The two exceptions are informative. For one of the California chardonnays there was a strong preference for the more expensive wine. This suggests that the winemaker succeeded in this particular case — they charged more ($26 versus $13) for a wine that drinkers actually prefer. In the opposite manner, for one of the Bordeaux wines there was actually a preference for the cheaper wine. It may surprise you to reveal that this was a preference for the 1994 Les Forts de Latour ($56 at the time) over 1994 Château Latour ($200), the most expensive wine in the experiment. The Bordeaux first-growth chateaux might like to take note of this result (as might your wallet!). (Note: in general, the first wines of the Bordeaux first growths cost 3-4 times as much as their second wines; see the Liv-Ex blog.)

Matching wines and their descriptions

Roman L. Weil (2007) Debunking critics' wine words: can amateurs distinguish the smell of asphalt from the taste of cherries? Journal of Wine Economics 2:136-144.

The hypotheses being tested here are that the amateurs:
  • cannot distinguish in blind tastings wines that are described by an expert using different word, and
  • if they can, they cannot match the descriptions to the wines.
To test these hypotheses, Weil selected ten "pairs of wines with the following characteristics: the pairs have similar features, and the same writer / critic wrote about these two wines with disjoint word sets. That is, the reviewer used different words in describing the two wines." Note that the wines could actually come from different vintages or even continents, provided that they had similar grapes, etc.

The results of the first hypothesis test are shown in the next graph, which is interpreted in the same manner as described above. There were 321 tasters, with the pairs of wine being tasted by 13-86 tasters each, which means much smaller sample sizes than for the other experiments.

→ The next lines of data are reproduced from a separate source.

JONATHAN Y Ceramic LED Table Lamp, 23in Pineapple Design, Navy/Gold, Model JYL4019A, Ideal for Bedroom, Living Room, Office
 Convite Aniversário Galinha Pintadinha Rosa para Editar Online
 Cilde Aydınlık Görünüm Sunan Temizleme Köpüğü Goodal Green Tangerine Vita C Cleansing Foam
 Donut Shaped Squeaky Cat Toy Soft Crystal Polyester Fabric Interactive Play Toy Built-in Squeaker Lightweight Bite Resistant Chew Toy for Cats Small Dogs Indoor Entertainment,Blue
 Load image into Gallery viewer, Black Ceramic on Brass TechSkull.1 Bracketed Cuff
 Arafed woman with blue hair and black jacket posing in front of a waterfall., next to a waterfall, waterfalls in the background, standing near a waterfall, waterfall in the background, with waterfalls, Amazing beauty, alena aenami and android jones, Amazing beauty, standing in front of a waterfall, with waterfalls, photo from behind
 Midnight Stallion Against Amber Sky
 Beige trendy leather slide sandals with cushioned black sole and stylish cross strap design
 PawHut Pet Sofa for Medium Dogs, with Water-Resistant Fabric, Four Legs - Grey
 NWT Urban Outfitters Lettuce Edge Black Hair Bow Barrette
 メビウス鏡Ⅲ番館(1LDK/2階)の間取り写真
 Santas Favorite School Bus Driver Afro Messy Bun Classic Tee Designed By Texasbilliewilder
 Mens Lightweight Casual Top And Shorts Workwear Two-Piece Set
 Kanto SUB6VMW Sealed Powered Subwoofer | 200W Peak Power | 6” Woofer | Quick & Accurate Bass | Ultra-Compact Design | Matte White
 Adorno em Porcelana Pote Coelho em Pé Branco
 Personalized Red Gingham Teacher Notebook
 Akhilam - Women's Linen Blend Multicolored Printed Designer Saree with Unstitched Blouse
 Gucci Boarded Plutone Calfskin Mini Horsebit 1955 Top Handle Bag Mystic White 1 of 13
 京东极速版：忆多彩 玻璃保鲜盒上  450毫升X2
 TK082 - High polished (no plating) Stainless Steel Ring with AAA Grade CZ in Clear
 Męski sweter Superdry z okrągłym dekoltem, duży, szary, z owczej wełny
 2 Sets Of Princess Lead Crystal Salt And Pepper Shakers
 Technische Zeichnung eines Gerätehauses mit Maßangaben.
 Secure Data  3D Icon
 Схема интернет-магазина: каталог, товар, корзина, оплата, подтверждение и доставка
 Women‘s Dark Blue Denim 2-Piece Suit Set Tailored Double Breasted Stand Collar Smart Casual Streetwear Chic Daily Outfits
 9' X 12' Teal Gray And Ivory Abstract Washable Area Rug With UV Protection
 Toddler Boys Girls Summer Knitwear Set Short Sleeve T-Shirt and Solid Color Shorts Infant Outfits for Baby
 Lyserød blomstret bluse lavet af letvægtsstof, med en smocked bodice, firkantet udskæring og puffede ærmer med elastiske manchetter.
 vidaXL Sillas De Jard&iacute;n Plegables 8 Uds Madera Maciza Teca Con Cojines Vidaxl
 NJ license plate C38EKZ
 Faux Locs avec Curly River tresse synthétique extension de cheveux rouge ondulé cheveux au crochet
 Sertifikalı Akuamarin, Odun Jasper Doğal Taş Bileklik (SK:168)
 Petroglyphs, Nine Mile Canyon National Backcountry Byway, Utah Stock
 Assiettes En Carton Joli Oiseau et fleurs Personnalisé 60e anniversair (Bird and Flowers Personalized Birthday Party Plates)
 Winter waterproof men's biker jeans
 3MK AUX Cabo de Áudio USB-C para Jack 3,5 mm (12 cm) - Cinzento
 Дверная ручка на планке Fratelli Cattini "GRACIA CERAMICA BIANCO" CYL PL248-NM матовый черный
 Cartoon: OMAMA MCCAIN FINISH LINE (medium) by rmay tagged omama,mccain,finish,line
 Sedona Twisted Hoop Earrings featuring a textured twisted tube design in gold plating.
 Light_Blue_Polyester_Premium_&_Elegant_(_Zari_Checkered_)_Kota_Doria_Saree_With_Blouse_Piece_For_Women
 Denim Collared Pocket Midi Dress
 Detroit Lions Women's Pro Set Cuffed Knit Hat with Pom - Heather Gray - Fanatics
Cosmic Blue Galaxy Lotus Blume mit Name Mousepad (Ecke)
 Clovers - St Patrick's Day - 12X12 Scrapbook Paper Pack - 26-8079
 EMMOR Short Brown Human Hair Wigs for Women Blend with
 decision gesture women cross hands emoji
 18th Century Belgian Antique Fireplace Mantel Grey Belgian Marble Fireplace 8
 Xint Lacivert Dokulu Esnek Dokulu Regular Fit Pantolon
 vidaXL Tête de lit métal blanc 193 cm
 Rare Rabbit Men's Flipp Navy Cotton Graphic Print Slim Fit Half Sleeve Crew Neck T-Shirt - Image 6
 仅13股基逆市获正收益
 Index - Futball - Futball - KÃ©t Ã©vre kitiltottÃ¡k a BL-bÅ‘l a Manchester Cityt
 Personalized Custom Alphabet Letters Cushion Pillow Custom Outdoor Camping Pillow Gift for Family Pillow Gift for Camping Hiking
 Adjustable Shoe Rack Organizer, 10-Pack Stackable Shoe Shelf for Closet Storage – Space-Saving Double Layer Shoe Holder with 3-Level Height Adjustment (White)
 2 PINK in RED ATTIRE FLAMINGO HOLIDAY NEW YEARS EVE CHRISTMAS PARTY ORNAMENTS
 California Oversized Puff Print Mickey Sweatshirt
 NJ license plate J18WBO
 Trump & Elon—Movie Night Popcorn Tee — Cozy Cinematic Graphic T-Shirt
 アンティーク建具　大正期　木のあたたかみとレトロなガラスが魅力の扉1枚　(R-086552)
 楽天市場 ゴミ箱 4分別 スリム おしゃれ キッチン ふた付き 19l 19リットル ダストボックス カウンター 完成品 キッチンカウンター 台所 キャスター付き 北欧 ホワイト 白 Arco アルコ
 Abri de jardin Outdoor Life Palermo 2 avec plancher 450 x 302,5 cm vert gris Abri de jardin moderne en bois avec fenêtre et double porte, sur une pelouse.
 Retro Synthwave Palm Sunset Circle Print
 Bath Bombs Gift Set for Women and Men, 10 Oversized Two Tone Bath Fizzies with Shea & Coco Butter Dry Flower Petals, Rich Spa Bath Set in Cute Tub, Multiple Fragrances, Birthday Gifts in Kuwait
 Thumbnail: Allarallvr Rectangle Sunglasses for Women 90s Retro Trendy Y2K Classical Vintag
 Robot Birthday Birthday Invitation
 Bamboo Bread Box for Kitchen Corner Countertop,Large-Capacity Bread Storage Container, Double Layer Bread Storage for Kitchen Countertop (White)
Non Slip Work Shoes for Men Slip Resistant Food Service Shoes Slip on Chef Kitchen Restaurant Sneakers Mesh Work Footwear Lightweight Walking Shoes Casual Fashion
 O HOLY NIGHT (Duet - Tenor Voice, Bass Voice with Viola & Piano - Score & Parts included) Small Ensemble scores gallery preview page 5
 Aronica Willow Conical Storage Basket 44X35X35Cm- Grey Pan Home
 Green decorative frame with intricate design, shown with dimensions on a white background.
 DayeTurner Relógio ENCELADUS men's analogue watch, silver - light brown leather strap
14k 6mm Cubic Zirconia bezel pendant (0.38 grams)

Results of Roman Weil's experimental test of wines with different descriptions

Since the objective was to choose wines that differ in description by an expert, it is hardly surprising that the tasters succeeded in distinguishing the wine pairs in six out of the ten cases. However, in only one case did they do better than 60-70%, which does call into question the experts' abilities to describe wine in any quantitative way. After all, there are many examples in wine lore of different experts also describing exactly the same wine in completely disjunct words.

The results of the second hypothesis test are shown in the next graph. Remember that the data here refer only to those tasters who successfully distinguished the wine pairs, which is 40-60% of the tasters. The sample sizes therefore refer to only 5-45 tasters per wine pair.

Results of Roman Weil's experimental test of wines with different descriptions

Sadly, in only one case could the tasters consistently match the wines to the expert descriptions. So, we may conclude that reading a description of a wine does not necessarily tell you what it will taste like to you.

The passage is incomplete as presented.